- **TASK DESCRIPTION**: Copy the listing exactly, images excluded.

- **DATA SEGMENT**:

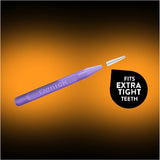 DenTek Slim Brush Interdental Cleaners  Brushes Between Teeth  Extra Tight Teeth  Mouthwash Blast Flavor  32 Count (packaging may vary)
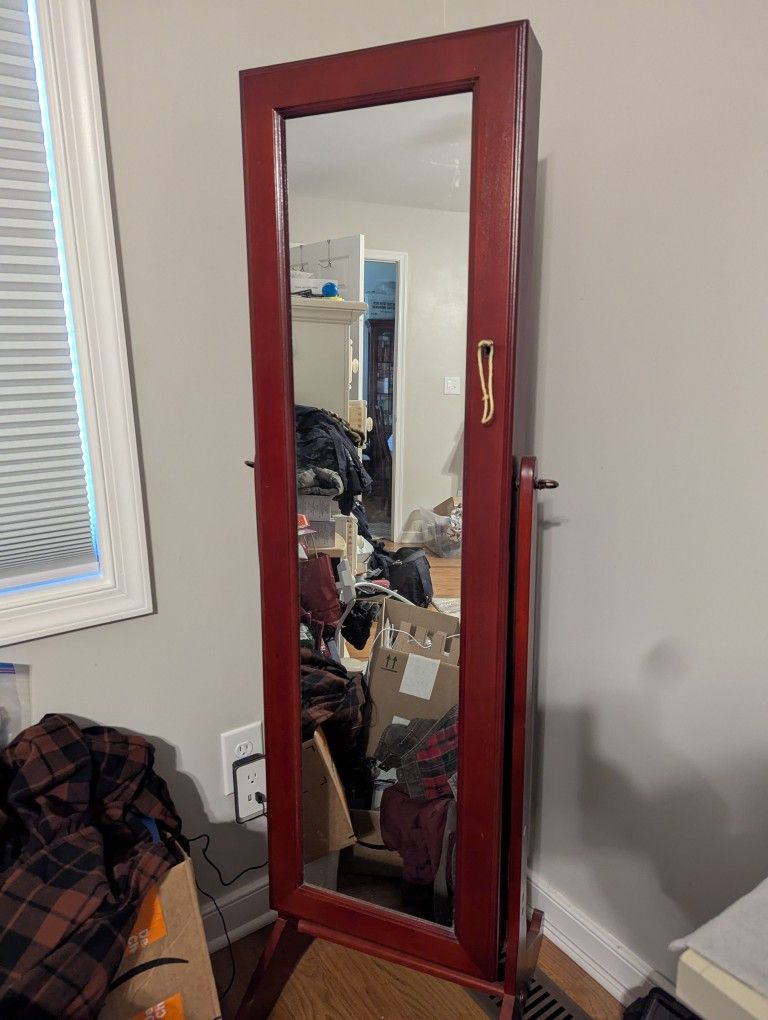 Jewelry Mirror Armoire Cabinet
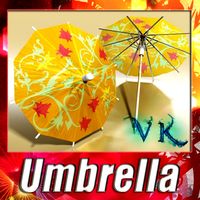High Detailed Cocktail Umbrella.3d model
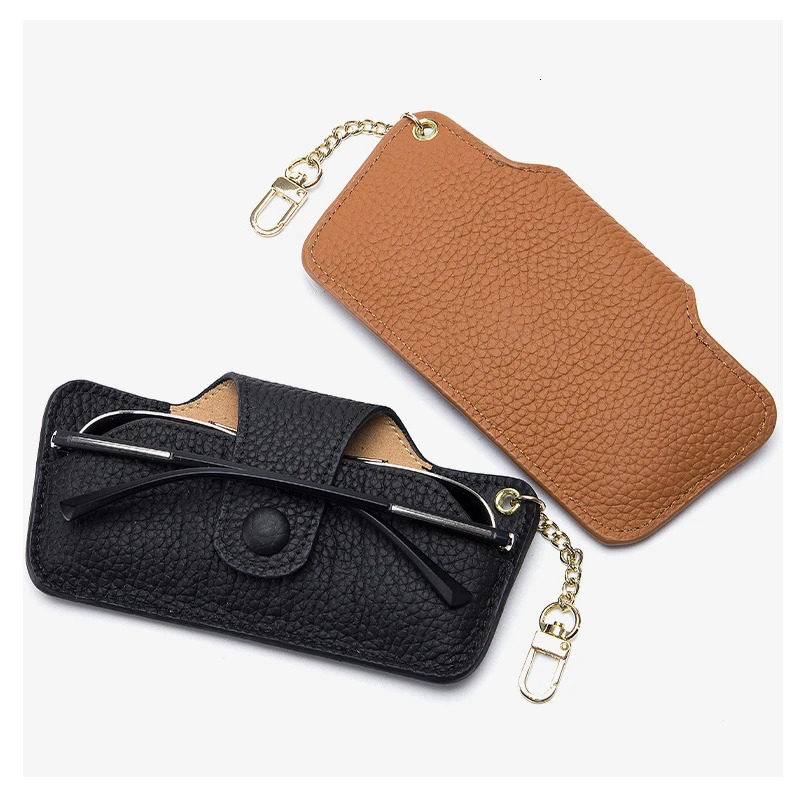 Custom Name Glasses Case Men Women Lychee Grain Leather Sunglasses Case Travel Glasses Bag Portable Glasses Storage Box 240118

- **RESPONSE TO THIS TASK**:
 DenTek Slim Brush Interdental Cleaners  Brushes Between Teeth  Extra Tight Teeth  Mouthwash Blast Flavor  32 Count (packaging may vary)
 Jewelry Mirror Armoire Cabinet
High Detailed Cocktail Umbrella.3d model
 Custom Name Glasses Case Men Women Lychee Grain Leather Sunglasses Case Travel Glasses Bag Portable Glasses Storage Box 240118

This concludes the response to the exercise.